The line that contains "Item preview, the" marks the end: retype the data below exactly from its first line through that line.

+--

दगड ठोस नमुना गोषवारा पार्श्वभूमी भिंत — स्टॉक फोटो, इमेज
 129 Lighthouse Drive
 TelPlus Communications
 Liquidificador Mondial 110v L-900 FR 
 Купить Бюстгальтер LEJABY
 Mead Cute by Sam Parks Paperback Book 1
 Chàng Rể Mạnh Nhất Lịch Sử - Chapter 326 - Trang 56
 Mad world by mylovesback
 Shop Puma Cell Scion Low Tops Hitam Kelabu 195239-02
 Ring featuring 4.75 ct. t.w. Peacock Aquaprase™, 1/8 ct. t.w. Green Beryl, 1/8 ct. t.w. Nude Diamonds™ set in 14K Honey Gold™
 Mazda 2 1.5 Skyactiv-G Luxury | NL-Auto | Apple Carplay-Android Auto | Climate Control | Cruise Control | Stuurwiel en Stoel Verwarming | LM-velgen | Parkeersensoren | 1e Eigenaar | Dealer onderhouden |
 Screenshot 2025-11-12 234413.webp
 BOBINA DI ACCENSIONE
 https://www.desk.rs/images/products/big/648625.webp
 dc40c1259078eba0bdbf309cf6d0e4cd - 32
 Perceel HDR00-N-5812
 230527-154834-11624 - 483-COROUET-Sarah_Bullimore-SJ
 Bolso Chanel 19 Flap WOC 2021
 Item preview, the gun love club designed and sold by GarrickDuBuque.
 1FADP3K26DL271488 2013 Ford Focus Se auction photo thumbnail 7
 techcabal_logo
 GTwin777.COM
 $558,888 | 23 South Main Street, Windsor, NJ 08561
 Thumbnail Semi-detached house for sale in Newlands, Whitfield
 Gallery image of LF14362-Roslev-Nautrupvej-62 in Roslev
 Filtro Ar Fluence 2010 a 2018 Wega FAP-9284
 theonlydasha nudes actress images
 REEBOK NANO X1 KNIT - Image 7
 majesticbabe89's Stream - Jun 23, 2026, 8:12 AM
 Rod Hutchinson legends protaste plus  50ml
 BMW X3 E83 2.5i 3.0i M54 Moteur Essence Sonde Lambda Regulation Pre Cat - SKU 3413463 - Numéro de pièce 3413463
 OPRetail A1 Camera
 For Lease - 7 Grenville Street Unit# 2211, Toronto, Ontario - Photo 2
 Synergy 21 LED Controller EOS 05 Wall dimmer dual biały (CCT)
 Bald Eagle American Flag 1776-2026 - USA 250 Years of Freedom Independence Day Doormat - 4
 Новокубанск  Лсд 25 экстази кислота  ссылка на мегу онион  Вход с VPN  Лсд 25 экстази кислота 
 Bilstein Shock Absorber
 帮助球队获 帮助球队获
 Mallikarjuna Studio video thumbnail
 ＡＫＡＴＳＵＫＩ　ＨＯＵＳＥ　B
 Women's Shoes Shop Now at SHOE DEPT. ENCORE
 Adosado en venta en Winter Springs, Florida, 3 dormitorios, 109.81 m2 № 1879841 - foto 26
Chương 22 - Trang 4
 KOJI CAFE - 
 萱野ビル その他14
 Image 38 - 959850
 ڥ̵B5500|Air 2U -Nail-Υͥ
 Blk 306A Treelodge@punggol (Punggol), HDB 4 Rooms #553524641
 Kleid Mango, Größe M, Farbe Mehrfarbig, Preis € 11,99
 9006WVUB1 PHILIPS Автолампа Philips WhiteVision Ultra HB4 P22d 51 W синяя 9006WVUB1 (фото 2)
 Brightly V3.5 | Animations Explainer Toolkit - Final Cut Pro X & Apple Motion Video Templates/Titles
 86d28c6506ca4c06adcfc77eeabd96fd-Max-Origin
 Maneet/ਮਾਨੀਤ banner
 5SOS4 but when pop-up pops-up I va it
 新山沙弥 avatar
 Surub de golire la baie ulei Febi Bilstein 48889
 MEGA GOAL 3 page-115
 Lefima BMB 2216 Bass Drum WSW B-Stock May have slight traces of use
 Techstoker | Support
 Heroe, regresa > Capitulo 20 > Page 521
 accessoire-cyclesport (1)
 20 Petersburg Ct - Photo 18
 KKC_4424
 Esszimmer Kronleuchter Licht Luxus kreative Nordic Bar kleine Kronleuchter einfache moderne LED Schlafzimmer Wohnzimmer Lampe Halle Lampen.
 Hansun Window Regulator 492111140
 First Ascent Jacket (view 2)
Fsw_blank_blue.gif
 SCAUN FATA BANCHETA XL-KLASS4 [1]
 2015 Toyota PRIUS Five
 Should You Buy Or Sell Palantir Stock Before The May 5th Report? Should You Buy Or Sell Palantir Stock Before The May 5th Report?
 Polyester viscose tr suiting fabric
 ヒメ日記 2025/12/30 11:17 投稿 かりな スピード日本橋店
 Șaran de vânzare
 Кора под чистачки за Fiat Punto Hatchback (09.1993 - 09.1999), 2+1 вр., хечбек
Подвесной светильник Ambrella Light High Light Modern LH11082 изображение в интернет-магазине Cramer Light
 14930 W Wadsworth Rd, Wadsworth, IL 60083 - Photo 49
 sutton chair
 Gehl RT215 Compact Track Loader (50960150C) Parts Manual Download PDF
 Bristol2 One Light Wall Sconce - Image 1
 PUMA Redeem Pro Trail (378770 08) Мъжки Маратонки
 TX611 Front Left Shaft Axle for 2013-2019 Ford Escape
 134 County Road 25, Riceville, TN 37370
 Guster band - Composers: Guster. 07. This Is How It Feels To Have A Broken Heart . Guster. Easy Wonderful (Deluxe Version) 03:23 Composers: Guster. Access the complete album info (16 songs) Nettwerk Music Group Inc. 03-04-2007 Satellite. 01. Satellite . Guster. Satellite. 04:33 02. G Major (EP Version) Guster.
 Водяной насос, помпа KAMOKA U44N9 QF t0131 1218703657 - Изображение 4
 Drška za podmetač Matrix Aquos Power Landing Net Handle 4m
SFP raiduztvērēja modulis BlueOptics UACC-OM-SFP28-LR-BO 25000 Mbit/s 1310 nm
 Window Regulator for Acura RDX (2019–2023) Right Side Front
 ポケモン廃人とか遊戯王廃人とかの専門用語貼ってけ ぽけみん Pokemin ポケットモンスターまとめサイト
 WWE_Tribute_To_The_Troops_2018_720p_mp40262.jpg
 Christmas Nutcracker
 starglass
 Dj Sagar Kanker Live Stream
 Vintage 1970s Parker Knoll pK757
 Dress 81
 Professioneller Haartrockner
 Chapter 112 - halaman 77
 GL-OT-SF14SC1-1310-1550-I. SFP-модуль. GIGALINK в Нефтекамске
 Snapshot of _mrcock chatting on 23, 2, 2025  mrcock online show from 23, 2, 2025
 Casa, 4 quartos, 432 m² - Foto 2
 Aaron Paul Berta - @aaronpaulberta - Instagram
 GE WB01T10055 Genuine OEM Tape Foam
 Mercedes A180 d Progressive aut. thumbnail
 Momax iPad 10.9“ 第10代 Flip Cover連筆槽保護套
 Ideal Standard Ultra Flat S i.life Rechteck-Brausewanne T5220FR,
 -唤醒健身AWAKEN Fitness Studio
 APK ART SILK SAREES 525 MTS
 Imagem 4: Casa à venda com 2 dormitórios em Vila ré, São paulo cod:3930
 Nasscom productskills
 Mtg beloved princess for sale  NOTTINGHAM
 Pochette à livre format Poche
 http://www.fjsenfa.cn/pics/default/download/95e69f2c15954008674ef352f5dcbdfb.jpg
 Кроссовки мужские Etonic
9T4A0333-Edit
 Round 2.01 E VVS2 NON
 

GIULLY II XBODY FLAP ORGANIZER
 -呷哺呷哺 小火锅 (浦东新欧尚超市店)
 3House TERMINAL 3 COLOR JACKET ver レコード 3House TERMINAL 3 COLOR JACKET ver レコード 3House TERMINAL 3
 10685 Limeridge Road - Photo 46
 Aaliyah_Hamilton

+--

## Solution for this task
दगड ठोस नमुना गोषवारा पार्श्वभूमी भिंत — स्टॉक फोटो, इमेज
 129 Lighthouse Drive
 TelPlus Communications
 Liquidificador Mondial 110v L-900 FR 
 Купить Бюстгальтер LEJABY
 Mead Cute by Sam Parks Paperback Book 1
 Chàng Rể Mạnh Nhất Lịch Sử - Chapter 326 - Trang 56
 Mad world by mylovesback
 Shop Puma Cell Scion Low Tops Hitam Kelabu 195239-02
 Ring featuring 4.75 ct. t.w. Peacock Aquaprase™, 1/8 ct. t.w. Green Beryl, 1/8 ct. t.w. Nude Diamonds™ set in 14K Honey Gold™
 Mazda 2 1.5 Skyactiv-G Luxury | NL-Auto | Apple Carplay-Android Auto | Climate Control | Cruise Control | Stuurwiel en Stoel Verwarming | LM-velgen | Parkeersensoren | 1e Eigenaar | Dealer onderhouden |
 Screenshot 2025-11-12 234413.webp
 BOBINA DI ACCENSIONE
 https://www.desk.rs/images/products/big/648625.webp
 dc40c1259078eba0bdbf309cf6d0e4cd - 32
 Perceel HDR00-N-5812
 230527-154834-11624 - 483-COROUET-Sarah_Bullimore-SJ
 Bolso Chanel 19 Flap WOC 2021
 Item preview, the gun love club designed and sold by GarrickDuBuque.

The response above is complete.